EPA’s Wheeler questions ‘legality and practicality’ of California EV order
By Alex Guillén
WASHINGTON EPA Administrator Andrew Wheeler on Monday blasted California Gov. Gavin Newsom’s executive order seeking to ban the sale of internal combustion engines in the state by 2035, writing in a letter that it raises “serious questions regarding its legality and practicality.”
Background: Newsom issued an executive order last week directing the California Air Resources Board to set rules to phase out cars that burn gasoline or diesel by 2035, which would require a significant jump in EV sales, even in the nation’s leading EV state.
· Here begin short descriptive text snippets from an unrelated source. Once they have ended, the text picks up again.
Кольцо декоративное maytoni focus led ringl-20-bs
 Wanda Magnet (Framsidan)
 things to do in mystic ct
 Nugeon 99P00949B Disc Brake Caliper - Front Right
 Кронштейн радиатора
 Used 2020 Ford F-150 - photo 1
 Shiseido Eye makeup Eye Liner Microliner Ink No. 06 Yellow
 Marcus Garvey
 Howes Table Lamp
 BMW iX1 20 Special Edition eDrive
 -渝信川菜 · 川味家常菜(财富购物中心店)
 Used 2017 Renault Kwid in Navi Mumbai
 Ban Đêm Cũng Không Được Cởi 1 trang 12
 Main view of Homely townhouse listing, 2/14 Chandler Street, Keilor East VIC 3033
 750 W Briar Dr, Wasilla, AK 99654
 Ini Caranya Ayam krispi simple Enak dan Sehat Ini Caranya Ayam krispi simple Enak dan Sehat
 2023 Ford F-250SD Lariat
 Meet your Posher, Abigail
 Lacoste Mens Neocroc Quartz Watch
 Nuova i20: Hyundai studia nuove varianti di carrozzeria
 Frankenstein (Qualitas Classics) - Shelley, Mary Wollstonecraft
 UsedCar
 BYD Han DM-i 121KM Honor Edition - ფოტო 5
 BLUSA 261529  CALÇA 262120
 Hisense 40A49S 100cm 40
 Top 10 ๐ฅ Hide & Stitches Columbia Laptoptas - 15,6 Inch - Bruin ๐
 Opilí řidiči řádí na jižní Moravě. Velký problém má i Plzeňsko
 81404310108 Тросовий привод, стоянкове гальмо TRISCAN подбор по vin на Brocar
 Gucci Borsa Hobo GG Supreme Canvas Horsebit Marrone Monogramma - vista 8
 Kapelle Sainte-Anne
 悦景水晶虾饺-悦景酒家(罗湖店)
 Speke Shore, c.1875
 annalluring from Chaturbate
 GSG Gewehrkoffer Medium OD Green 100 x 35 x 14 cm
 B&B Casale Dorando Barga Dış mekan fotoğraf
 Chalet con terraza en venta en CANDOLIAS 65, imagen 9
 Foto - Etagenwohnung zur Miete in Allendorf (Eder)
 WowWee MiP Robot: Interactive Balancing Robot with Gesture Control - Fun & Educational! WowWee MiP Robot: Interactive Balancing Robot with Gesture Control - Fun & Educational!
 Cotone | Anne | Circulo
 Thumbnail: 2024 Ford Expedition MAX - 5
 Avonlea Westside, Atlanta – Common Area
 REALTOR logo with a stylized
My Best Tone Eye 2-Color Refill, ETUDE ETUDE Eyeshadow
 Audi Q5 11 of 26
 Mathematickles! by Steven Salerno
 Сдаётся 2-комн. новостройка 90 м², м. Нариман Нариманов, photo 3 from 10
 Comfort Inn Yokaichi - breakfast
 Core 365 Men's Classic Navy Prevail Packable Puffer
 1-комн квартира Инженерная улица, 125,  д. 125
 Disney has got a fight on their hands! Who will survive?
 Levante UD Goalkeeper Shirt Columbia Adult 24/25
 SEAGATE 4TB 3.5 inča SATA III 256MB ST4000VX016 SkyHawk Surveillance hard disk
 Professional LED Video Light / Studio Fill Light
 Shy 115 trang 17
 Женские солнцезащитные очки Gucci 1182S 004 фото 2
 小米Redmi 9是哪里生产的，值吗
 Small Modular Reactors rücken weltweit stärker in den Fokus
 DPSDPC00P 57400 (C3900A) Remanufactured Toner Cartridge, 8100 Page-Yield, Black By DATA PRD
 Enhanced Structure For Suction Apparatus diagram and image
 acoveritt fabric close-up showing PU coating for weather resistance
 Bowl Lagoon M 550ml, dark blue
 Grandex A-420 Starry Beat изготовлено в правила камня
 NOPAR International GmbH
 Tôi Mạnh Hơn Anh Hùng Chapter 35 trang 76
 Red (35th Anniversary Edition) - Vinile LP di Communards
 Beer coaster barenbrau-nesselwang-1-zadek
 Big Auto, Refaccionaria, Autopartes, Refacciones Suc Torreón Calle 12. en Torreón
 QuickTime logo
The letter: In his letter, Wheeler noted that EPA has revoked the waiver allowing California to enforce its zero-emissions vehicle program, and the state would have to obtain a new one to enforce any regulation related to Newsom’s order. Legal experts agree California would face almost certain rejection from the Trump administration but could succeed if Joe Biden is elected in November. Wheeler stopped short of outright vowing to reject a request.
“While the EO seems to be mostly aspirational and on its own would accomplish very little, any attempt by the California Air Resources Board to implement sections of it may require California to request a waiver to U.S. EPA,” he wrote.
Wheeler also questioned how, given recent rolling blackouts “unprecedented in size and scope,” California would “expect to run an electric car fleet that will come with significant increases in electricity demand, when you can’t even keep the lights on today.”
EPA did not immediately respond to a question about whether it had consulted FERC on the grid reliability issues raised in the letter, which fall outside the purview of the Clean Air Act.
“I urge you to step away from commitments to singular technologies,” Wheeler wrote. “While it is tempting for federal or state agencies to regulate with a particular technology in mind, it is far more productive to provide innovators the freedom to develop the technologies of tomorrow.”
Context: The EV fight is the latest between California and the Trump administration, which has argued that the state has focused too much on climate change and not on other environmental issues such as forest management amid a record fire season.